In the embodiment of the application, because the number of the visitors can indicate the preference tendency of the user when the user visits the page content, the column to which the page content belongs can be reasonably determined according to the number of the visitors, a scientific decision method is provided for a website manager to judge the most reasonable column to which the same page content is simultaneously placed in a plurality of columns, and the effect of improving the satisfaction degree of the website manager is achieved.
Optionally, in this embodiment of the present application, before obtaining the access data of the target page content, the method further includes: scanning page contents under each column in a website to obtain a plurality of scanned page contents; comparing any two page contents in the scanned page contents to obtain a comparison result; and obtaining the content of the target page based on the comparison result.
Specifically, there are two types of comparison results, one is that any two page contents are the same page content, and the other is that any two page contents are different page contents. For example: if there are 10 columns in a certain website, and the 10 columns contain 60 page contents, the 60 page contents are scanned, and any two page contents in the scanned 60 page contents are compared to obtain a comparison result. And if the comparison result of any two scanned page contents is the same, the two page contents are the target page contents.

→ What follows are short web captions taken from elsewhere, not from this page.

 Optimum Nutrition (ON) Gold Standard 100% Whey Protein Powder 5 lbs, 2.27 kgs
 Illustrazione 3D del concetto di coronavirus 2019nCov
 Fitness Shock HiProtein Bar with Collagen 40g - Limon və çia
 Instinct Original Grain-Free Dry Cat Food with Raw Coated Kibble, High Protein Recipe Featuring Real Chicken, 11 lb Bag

Specifically, the titles, web addresses, and other contents of any two page contents may be compared. If the titles are compared, the titles in any two page contents need to be compared word by word, and the web address comparison mode is the same as that of the titles, and the description is not repeated here.

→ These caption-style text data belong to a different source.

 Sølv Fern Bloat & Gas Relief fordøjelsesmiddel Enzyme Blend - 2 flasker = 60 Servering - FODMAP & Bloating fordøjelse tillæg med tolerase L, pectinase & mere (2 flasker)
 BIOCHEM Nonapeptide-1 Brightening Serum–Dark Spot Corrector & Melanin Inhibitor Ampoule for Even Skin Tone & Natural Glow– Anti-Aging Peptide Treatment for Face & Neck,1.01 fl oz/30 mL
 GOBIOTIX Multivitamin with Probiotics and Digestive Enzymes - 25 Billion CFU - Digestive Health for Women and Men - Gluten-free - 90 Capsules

In the embodiment of the application, the target page content can be determined more quickly by scanning the page content under each column in the website and comparing the scanned page content.
Optionally, comparing any two page contents of the scanned page contents, and obtaining a comparison result includes: judging whether the titles of any two page contents are the same; under the condition that the titles of any two page contents are judged to be the same, a comparison result that any two page contents are the same page content is obtained; and under the condition that the titles of any two page contents are judged to be different, obtaining a comparison result that any two page contents are different page contents.
If the titles of any two page contents are the same (that is, the two page contents are the comparison result of the same page content), it is determined that the two page contents are the target page content.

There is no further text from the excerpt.